In Senato nasce il nuovo gruppo di Verdini. Ora si fanno i conti per il futuro della maggioranza

Cambiano gli equilibri in Senato: a Renzi 11 voti in più

I "verdiniani" ostentano sicurezza e assicurano che entro martedì della prossima settimana verrà annunciata la nascita del nuovo gruppo al Senato. Parlano di un drappello di undici persone pronte a votare le riforme costituzionali e altri provvedimenti "caldi" per il governo. Ma sui veri numeri di Palazzo Madama sono pochi quelli pronti a scommettere perché maggioranza e opposizione nella Camera Alta hanno da sempre confini piuttosto labili, come dimostrano i numerosi cambi di casacca che ci sono stati dall’inizio della legislatura e come dimostra anche quanto avvenuto in commissione Affari Costituzionali dove le pregiudiziali di costituzionalità presentate al decreto di riforma della pubblica amministrazione sono passate per un solo voto di scarto costringendo la presidente Anna Finocchiaro a scendere in campo.
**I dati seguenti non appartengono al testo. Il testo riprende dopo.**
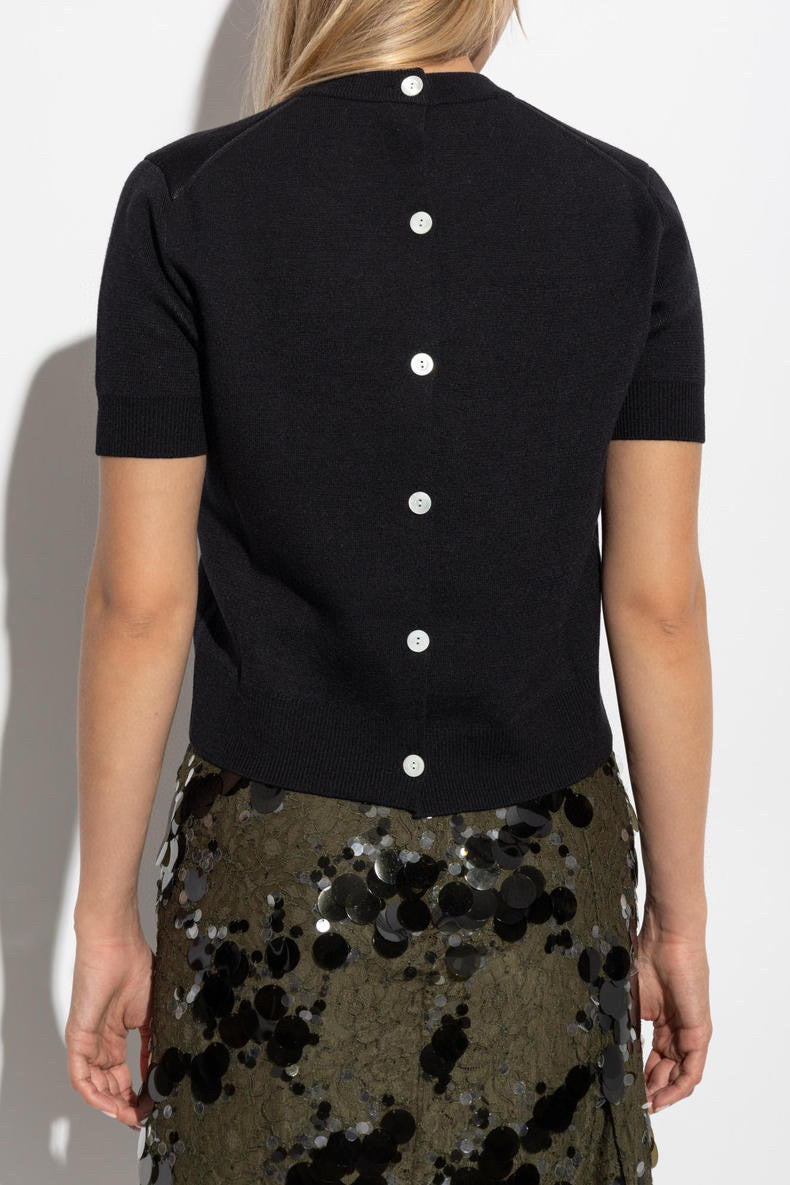 Women's Summer Solid Color Appliqued Knit Sweater Back Single Breasted Design Short Sleeve T-Shirt #75551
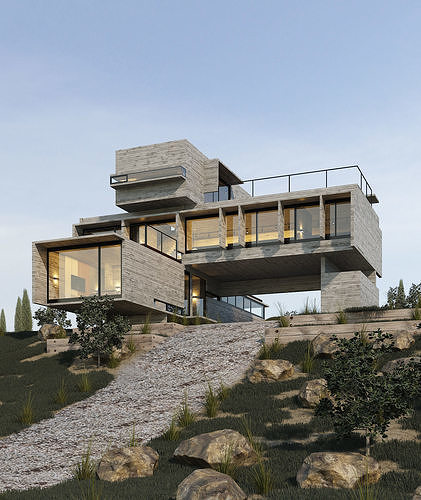 Golf House Villa 3D model 4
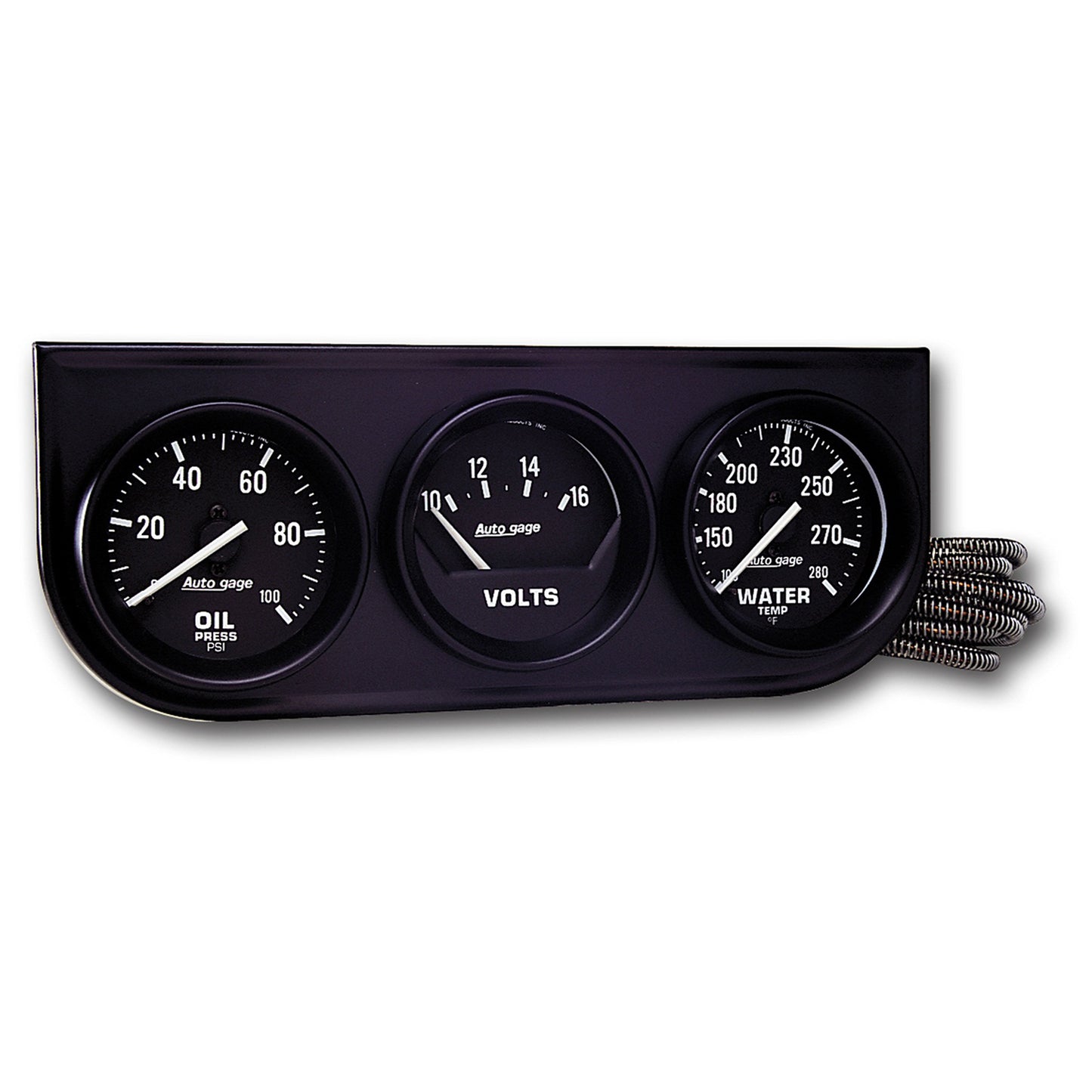 GAUGE CONSOLE OILP/WTMP/VOLT 2-1/16 In. 100 PSI/280 Fahrenheit/18V MECH BLK DIAL BLK BZL AG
Nel Pd non si è così sicuri che il gruppo dei "verdiniani" nasca davvero prima dell’estate considerando che il rinvio a giudizio di Denis Verdini potrebbe complicare non poco le cose. E senza contare che la minoranza dem da sempre dice "no" a un nuovo gruppo che sia "sostitutivo" dei voti mancanti in casa piddì. Allo stato, però, se dovesse nascere "Azione liberal popolare", potrebbe cambiare non poco i confini della maggioranza a Palazzo Madama, arrivando a diventare probabilmente l’ago della bilancia della legislatura. Contando loro, infatti, si arriverebbe ad una maggioranza di circa 183 senatori contro i 126 dell’opposizione. Sempre che i 25 dem del documento a favore del Senato elettivo restino tutti con Renzi. In soccorso del premier poi vengono considerati ora altri due parlamentari ex M5S che hanno annunciato l'adesione alla componente dell’Idv: Alessandra Bencini e Maurizio Romani (pur mancando ancora un riscontro ufficiale negli uffici del Senato della loro adesione a tale componente).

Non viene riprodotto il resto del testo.